EXERCISE BRIEF → The line containing "Seaside Apartments With" marks the start. Restate it and every following line through the end of the records exactly, and nothing else, leaving out the pictures.

[Short descriptive text snippets]
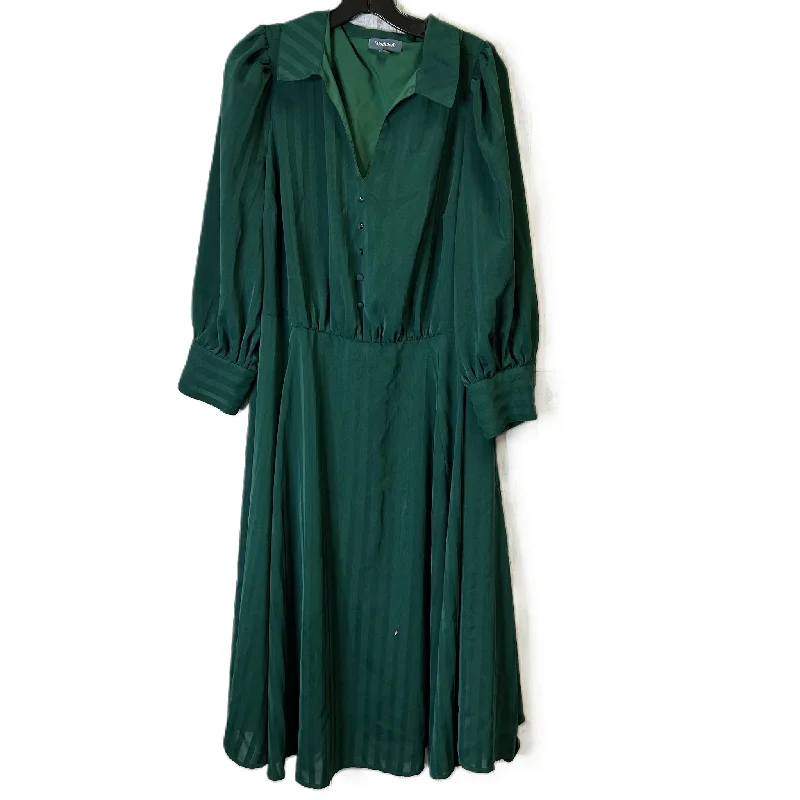 Dress Casual Maxi By Modcloth In Green, Size: 22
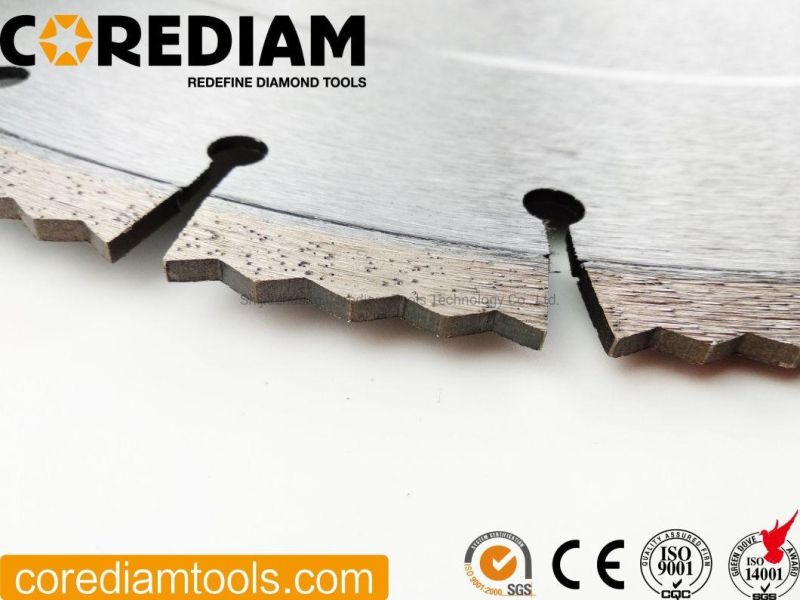 14 Inch/350mm Laser Welded Diamond Cutting Disc for Hand Saw for Cutting Reinforced Concrete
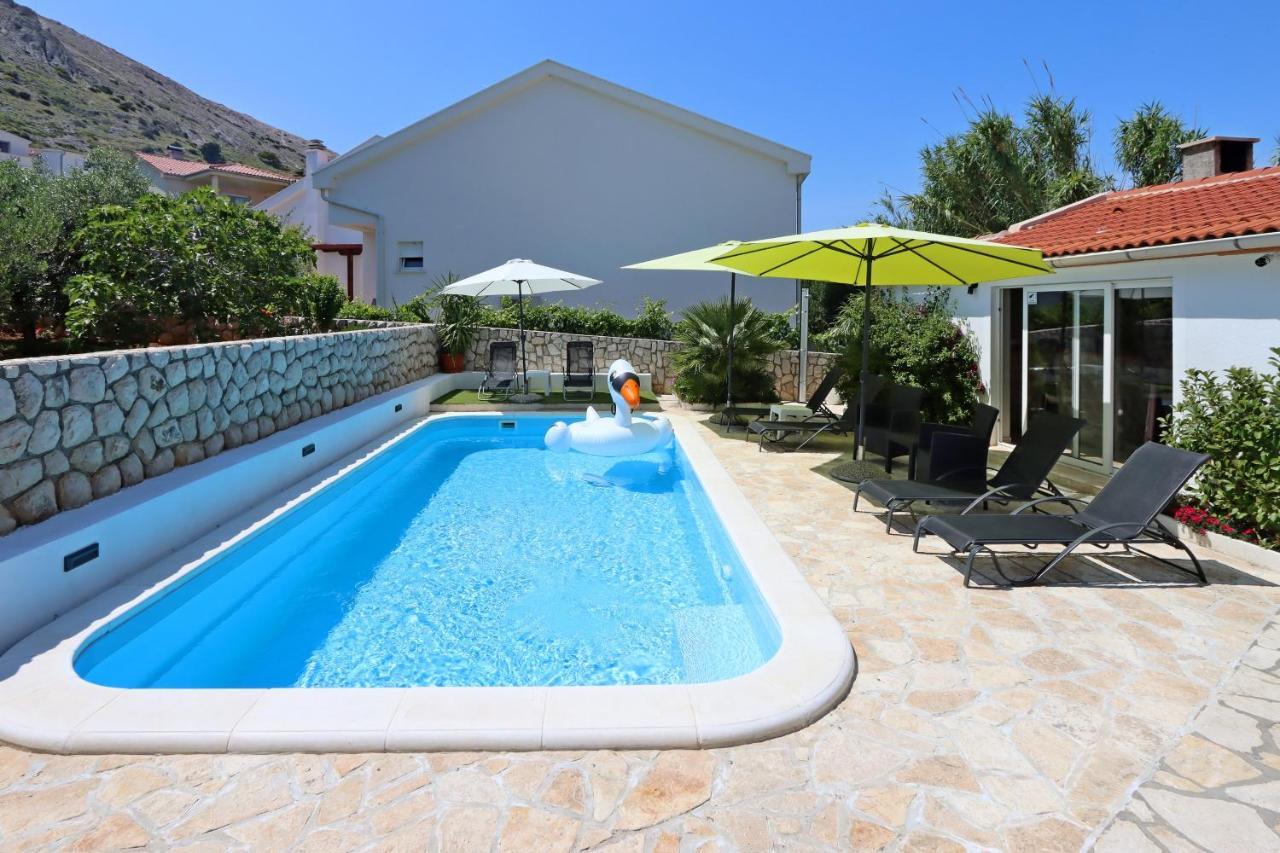 Seaside Apartments With A Swimming Pool Pag - 6412 พาก ภายนอก รูปภาพ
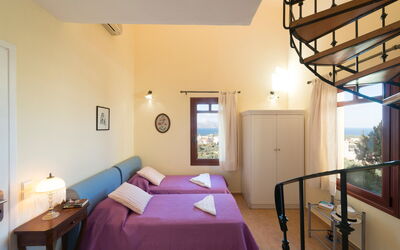 Villa Odysseus: Camera da letto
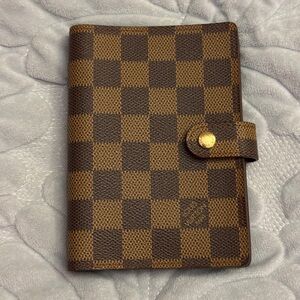 Louis  Vuitton Agenda PM in Damier Ebene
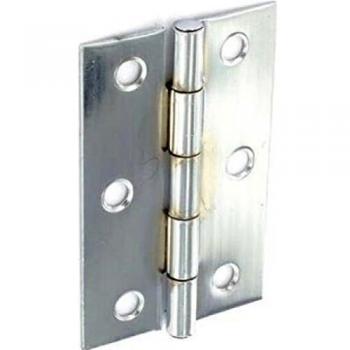 Protectmat PM4303 High-Strength Steel Butt Hinges, Polished Chrome Plating, 2 Pieces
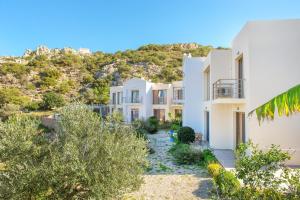 a house with a view of the ocean at Renata's Villas in Karpathos
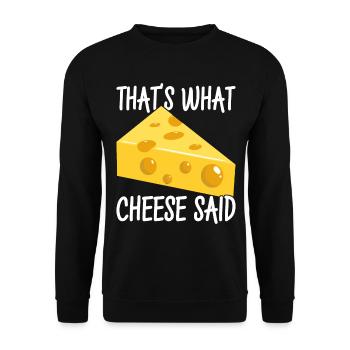 Amateurs de fromage Gouda - Sweat-shirt Unisexe - noir - Devant - Alina (178cm) & Michal (187cm)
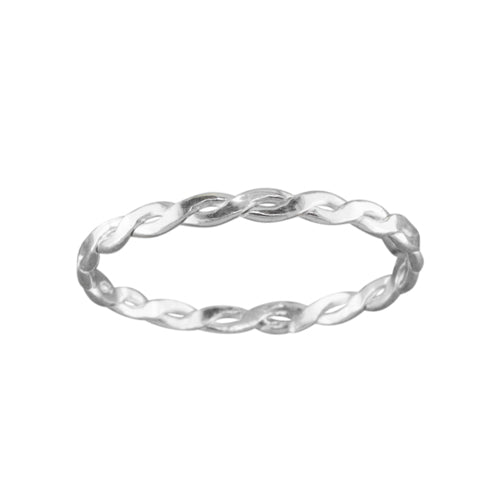 Braid - Sterling Silver Thumb Ring - TH04 SS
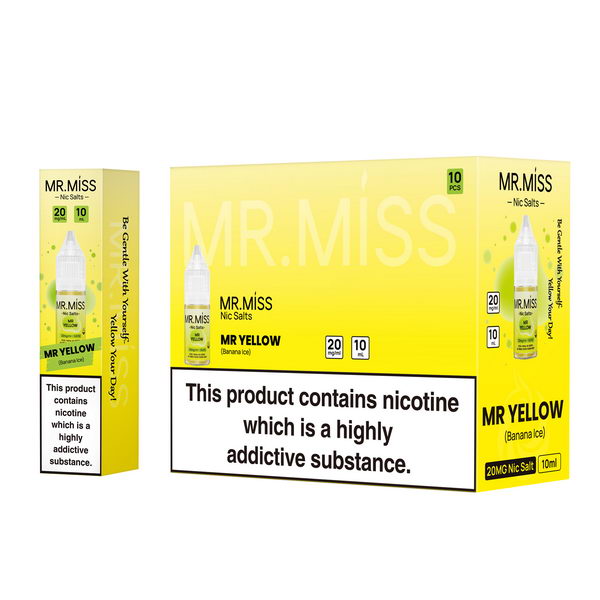 Mr.Miss Nic Salt E-Liquids 10ML 20MG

TASK RESPONSE →
 Seaside Apartments With A Swimming Pool Pag - 6412 พาก ภายนอก รูปภาพ
 Villa Odysseus: Camera da letto
 Louis  Vuitton Agenda PM in Damier Ebene
 Protectmat PM4303 High-Strength Steel Butt Hinges, Polished Chrome Plating, 2 Pieces
 a house with a view of the ocean at Renata's Villas in Karpathos
 Amateurs de fromage Gouda - Sweat-shirt Unisexe - noir - Devant - Alina (178cm) & Michal (187cm)
 Braid - Sterling Silver Thumb Ring - TH04 SS
 Mr.Miss Nic Salt E-Liquids 10ML 20MG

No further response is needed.